We’ll need to know what the various functors’ actions on arrows are, so here’s a reminder: \[\begin{eqnarray} && \mathrm{Ap}: (\mathbf{C}⇒ \mathbf{D}) × \mathbf{C}→ \mathbf{D}\\ && \mathrm{Ap}\;(F, C) = F \;C \\ && \mathrm{Ap}\;(θ : F → G, f : C → D) : F \;C → G \;D \\ && \mathrm{Ap}\;(θ , f) = G \;f ∘ θ_C \\ && \\ && \mathrm{Hom}: \mathbf{C}^{\mathrm{op}} × \mathbf{C}→ \mathbf{Sets}\\ && \mathrm{Hom}\;(C, D) = \mathrm{Hom}(C, D) \\ && \mathrm{Hom}\;(f : C′ → C ∈ \mathbf{C}, g : D → D′ ∈ \mathbf{C}) : \mathrm{Hom}(C, D) → \mathrm{Hom}(C′, D′) \\ && \mathrm{Hom}\;(f , g) = λ (h : C → D) → g ∘ h ∘ f \\ && \\ && y : \mathbf{C}→ \mathbf{C}^{\mathrm{op}} ⇒ \mathbf{Sets}\\ && y \;D = \mathrm{Hom}(∙, D) \\ && y \;(f : D → D′) : \mathrm{Hom}(∙, D) → \mathrm{Hom}(∙, D′) \\ && (y \;f)_C = λ (h : C → D) → f ∘ h \end{eqnarray}\]

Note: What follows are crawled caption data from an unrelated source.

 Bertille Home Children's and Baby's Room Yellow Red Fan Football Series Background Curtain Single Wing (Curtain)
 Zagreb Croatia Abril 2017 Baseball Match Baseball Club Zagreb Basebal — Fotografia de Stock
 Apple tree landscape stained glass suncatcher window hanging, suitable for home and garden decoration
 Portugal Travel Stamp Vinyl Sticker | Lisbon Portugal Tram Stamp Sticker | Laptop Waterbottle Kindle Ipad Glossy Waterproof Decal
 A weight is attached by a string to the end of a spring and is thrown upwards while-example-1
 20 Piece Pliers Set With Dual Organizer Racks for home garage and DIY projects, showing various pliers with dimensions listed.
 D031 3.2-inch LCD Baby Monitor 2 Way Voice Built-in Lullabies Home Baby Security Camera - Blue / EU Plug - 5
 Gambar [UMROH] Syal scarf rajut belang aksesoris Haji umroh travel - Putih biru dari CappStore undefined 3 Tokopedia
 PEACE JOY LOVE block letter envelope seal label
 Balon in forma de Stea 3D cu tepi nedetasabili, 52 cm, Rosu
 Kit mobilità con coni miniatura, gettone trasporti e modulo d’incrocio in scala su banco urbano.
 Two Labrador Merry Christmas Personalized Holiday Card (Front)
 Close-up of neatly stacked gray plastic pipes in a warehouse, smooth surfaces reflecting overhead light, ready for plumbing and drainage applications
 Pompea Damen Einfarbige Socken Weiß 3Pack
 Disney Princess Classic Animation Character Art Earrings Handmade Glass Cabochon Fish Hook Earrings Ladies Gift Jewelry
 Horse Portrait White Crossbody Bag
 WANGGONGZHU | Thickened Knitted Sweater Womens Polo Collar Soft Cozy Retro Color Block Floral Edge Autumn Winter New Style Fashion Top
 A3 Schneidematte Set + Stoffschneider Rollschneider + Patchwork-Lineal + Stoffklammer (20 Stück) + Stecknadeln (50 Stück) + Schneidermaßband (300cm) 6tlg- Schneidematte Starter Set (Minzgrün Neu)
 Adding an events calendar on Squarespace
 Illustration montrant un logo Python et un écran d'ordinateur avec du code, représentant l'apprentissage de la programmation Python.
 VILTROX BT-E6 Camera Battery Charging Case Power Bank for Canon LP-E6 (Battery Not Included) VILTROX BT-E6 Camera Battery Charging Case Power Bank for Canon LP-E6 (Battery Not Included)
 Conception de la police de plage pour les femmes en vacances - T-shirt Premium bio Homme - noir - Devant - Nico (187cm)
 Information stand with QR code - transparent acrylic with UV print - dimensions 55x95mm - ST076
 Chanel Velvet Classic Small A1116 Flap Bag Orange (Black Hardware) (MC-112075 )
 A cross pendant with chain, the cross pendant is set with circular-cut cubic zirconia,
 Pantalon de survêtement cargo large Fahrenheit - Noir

Now we can simplify the terms on both sides of the equation. They denote functions from \(\mathrm{Hom}(y \;C, F)\) to \(G \;D\), so we apply them to some natural transformation \(ι : y \;C → F\). On the left-hand side:

\[\begin{eqnarray} && ((\mathrm{Ap}∘ \mathrm{Swap}) \;(f, θ) ∘ i_{C, F}) \;ι \\ &=& (\mathrm{Ap}\;(θ, f) ∘ i_{C, F}) \;ι \\ &=& (G f ∘ θ_C ∘ i_{C, F}) \;ι \\ &=& (G f ∘ θ_C) \;(i_{C, F} \;ι) \\ &=& (G f ∘ θ_C) \;(ι_C \;\mathrm{id}_C) \\ &=& (G f ∘ θ_C ∘ ι_C) \;\mathrm{id}_C \\ &=& (G f ∘ (θ ∘ ι)_C) \;\mathrm{id}_C \\ &=& ((θ ∘ ι)_D ∘ y \;C \;f) \;\mathrm{id}_C \\ &=& ((θ ∘ ι)_D \;(y \;C \;f \;\mathrm{id}_C) \\ &=& ((θ ∘ ι)_D \;(id_C ∘ f)) \\ &=& (θ ∘ ι)_D \;f \end{eqnarray}\]

And the right-hand side:

\[\begin{eqnarray} && (i_{D, G} ∘ (\mathrm{Hom}∘ ⟨ y^{\mathrm{op}} × \mathrm{id}⟩) \;(f , θ)) \;ι \\ &=& (i_{D, G} ∘ (\mathrm{Hom}\;(y^{\mathrm{op}} \;f , θ)) \;ι \\ &=& i_{D, G} \;((\mathrm{Hom}\;(y^{\mathrm{op}} \;f , θ)) \;ι) \\ &=& i_{D, G} \;(θ ∘ ι ∘ y^{\mathrm{op}} \;f) \\ &=& i_{D, G} \;(θ ∘ ι ∘ y^{\mathrm{op}} \;f) \\ &=& (θ ∘ ι ∘ y^{\mathrm{op}} \;f)_D \;id_D \\ &=& (θ ∘ ι)_D \;((y^{\mathrm{op}} \;f)_D \;id_D) \\ &=& (θ ∘ ι)_D \;(f ∘ id_D) \\ &=& (θ ∘ ι)_D \;f \end{eqnarray}\]

The equation holds, so \(i\) is indeed natural. Naturality of \(j = i^{-1}\) already follows from this, and so we have a natural iso.